Sanchez saw things differently.

“I wanted to wear earrings,” she says. “I was a teen and thought I should be allowed to wear them.”

So one day, Sanchez’s godmother took her to have her ears pierced.

“My dad got mad at me and my nina (godmother),” she says. “(But) after a while, he didn’t think it was a big deal.”

Parents have questioned the attire and hair choices of their offspring since the first Neanderthal teen decided a discarded dinosaur bone would look cool in her hair.

Maybe, as Sanchez’s father discovered, it’s not a big deal. It’s a teen thing, according to an article at the Web site www.kidshealth.org. “A Parent’s Guide to Surviving the Teen Years” covers changes parents are likely to face.

“If teenagers want to dye their hair, paint their fingernails black or wear funky clothes, it may be worth thinking twice before you object,” the article states. “Teens want to shock their parents, and it’s a lot better to let them do something temporary and harmless; leave the objections to things that really matter, like tobacco, drugs and alcohol.”

This all sounds very enlightened and civilized until your kid wants to do these things. Recently, our daughter Natalie told us she wanted to have the ends of her brown hair dyed red.

My reaction: “I’m not paying for it.”

It’s an Aguirre thing. The women in my family – going back at least three generations – are sticklers for healthy, nice-looking hair, not two-tone tresses. I didn’t think it was a good idea for Natalie, who turns 15 in November, to start coloring her hair.

Natalie was ready with rebuttals.

“You dye your hair,” she said.

“Yes, to cover the gray hair you have given me. Plus, I didn’t start at 14.”

“It’s temporary. It will wash out before school starts,” Natalie said.

“You can if your dad pays for it,” I said.

I really didn’t think my husband would shell out the potential $75-plus for the dye job. This is the man who won’t pay the extra $9 to have his hair shampooed and conditioned.

Not only did he pay $110, he called the salon to book the appointment on a Sunday. A reader I told this story to replied, “She’s daddy’s little girl, isn’t she?”

Clearly.

Boys have their own problems with parents wanting to call the shots when it comes to their looks.

Ken Malikowski, 53, of Madera, Calif., remembers his father forbidding him to wear Levi’s jeans. His parents bought the Sears brand instead.

“My dad thought Levi’s were too hippie,” Malikowski says. “I also wanted to wear eyeglasses that looked like the kind John Lennon used to wear.
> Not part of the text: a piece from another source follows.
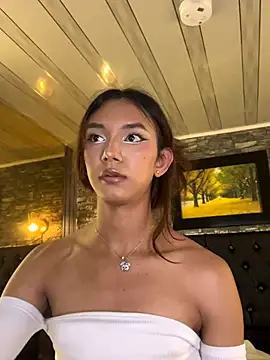 Nikol Rang   online show from 7, 10, 2025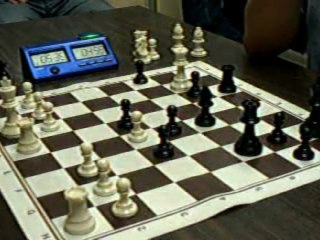 ECHECS : JULIEN 1 VS 0 BEN (CLASSE A 2009)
I could only wear big, black glasses.”

By his senior year in high school, Ken was able to buy his own pair of Levi’s.

“My first pair cost $4.95,” he says. “I thought they looked better. By that time, I was graduating from high school, and my dad let it go.”

I once layered my hair (also known as a shag, circa late ’70s) without my mom’s permission. She got mad at me in English – and Spanish.

Sanchez, 38, says she’ll have no problem if her daughter, Analeah, now 9, wants to color her hair when she’s a teenager in high school.

“My philosophy is hair will grow back and we can fix the color,” she says. “That’s easier than fixing a pierced body part.”